### Data provided

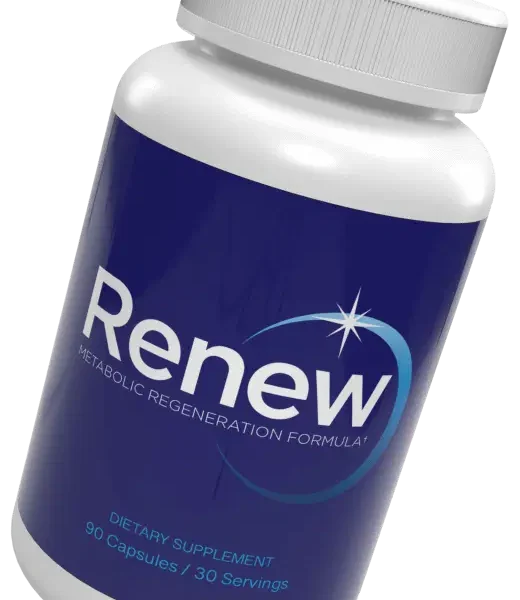 RENEW - Straight Fire, Son!
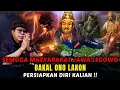 Lagu Pulau jawa sudah beri aba-aba, persiapkan diri kalian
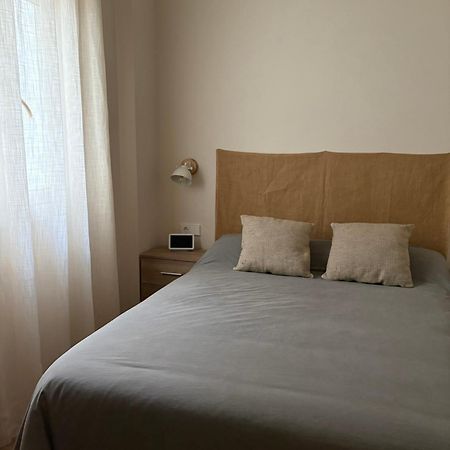 Apartamento Premium En Plaza Mina Minimalismo Y Confort A Pasos Del Mar Cádis Exterior foto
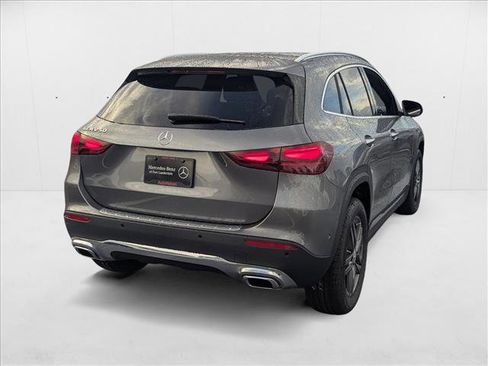 New 2026 Mercedes-Benz GLA 250 image 2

### Problem details
The task calls for repeating each line above exactly while excluding the pictures.

### Response area
 RENEW - Straight Fire, Son!
 Lagu Pulau jawa sudah beri aba-aba, persiapkan diri kalian
 Apartamento Premium En Plaza Mina Minimalismo Y Confort A Pasos Del Mar Cádis Exterior foto
 New 2026 Mercedes-Benz GLA 250 image 2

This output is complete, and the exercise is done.